● **Required action**:
Please print the entries below exactly, from the line with "A group of boys sitting at a table" through the line with "Custom zero-entry walk-in", including both of those lines and leaving out all others.

Records from a data source

----------------

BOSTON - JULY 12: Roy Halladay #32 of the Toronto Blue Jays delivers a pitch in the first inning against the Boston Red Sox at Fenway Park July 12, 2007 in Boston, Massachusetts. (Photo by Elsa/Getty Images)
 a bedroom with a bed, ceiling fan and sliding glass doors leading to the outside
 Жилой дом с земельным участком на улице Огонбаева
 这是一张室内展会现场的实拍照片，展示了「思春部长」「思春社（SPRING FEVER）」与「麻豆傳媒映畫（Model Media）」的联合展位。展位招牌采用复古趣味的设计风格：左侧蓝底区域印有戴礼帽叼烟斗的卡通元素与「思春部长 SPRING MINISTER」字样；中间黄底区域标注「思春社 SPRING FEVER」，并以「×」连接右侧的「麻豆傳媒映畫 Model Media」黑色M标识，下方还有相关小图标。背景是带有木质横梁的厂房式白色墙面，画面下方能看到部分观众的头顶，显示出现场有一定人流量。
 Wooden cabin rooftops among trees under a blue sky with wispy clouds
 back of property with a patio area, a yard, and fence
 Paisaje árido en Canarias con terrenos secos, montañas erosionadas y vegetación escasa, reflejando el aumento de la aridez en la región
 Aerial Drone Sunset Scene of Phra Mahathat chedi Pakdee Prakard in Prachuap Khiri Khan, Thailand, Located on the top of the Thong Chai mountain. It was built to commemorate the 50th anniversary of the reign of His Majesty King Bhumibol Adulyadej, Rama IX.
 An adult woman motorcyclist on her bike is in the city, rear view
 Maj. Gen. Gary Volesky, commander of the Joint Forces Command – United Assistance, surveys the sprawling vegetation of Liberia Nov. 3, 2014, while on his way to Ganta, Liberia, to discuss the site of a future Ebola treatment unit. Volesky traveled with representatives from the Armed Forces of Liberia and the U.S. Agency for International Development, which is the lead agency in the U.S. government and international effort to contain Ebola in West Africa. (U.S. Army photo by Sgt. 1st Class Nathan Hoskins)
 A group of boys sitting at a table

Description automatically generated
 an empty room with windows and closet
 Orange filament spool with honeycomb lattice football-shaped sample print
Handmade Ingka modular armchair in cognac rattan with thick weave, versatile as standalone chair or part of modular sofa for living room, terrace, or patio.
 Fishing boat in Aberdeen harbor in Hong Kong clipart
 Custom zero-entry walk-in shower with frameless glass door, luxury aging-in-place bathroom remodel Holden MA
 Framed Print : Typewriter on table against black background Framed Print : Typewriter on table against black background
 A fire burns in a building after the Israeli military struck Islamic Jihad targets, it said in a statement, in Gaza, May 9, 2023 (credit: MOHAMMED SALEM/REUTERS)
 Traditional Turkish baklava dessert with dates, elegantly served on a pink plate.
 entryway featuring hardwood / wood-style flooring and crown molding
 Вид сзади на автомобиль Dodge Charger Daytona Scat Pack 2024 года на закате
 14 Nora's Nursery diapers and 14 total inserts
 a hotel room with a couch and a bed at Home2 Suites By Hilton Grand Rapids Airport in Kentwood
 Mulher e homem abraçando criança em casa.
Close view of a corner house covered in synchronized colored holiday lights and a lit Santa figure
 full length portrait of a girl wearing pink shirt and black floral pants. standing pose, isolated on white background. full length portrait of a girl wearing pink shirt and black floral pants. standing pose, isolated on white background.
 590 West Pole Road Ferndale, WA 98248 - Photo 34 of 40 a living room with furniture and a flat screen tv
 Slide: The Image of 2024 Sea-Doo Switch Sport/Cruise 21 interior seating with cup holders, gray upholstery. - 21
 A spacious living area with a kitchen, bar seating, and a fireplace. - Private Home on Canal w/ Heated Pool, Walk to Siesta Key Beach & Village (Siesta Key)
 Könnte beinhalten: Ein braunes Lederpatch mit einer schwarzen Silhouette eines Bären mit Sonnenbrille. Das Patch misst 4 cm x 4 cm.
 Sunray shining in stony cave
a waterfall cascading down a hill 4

----------------

● **Exercise result**:
 A group of boys sitting at a table

Description automatically generated
 an empty room with windows and closet
 Orange filament spool with honeycomb lattice football-shaped sample print
Handmade Ingka modular armchair in cognac rattan with thick weave, versatile as standalone chair or part of modular sofa for living room, terrace, or patio.
 Fishing boat in Aberdeen harbor in Hong Kong clipart
 Custom zero-entry walk-in shower with frameless glass door, luxury aging-in-place bathroom remodel Holden MA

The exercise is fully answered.